DATA Start Marker

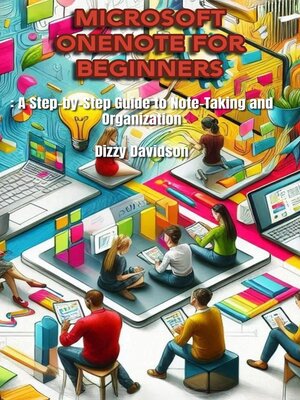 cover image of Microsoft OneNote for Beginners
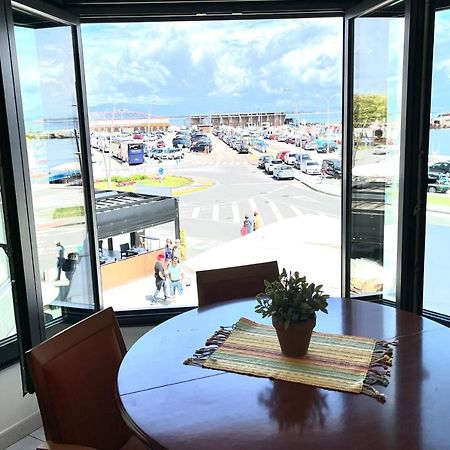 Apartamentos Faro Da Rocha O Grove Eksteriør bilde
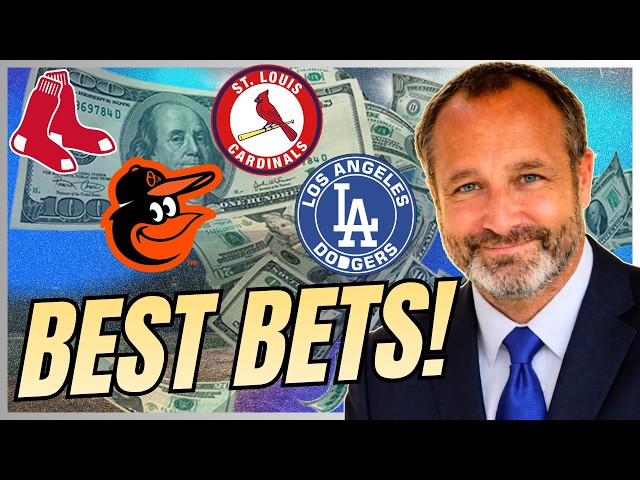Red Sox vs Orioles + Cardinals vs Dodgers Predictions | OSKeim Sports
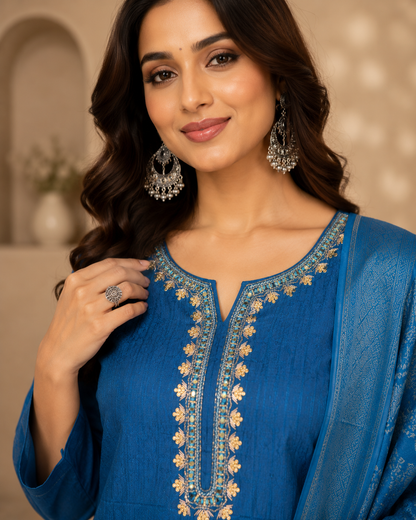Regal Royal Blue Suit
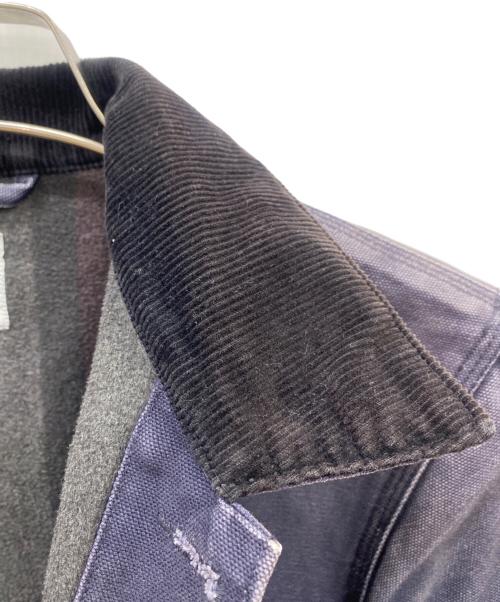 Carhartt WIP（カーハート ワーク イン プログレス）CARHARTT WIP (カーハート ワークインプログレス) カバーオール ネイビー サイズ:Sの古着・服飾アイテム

DATA End Marker
DATA Start Marker

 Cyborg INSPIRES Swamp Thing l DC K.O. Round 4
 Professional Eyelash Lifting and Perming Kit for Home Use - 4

DATA End Marker

- [TASK]:
Write out exactly the run of lines above that starts at the line containing "Regal Royal Blue Suit" and ends at the line containing "Carhartt WIP（カーハート ワーク". Include both, and leave the pictures out.

- [SOLUTION TO THIS EXERCISE]:
Regal Royal Blue Suit
 Carhartt WIP（カーハート ワーク イン プログレス）CARHARTT WIP (カーハート ワークインプログレス) カバーオール ネイビー サイズ:Sの古着・服飾アイテム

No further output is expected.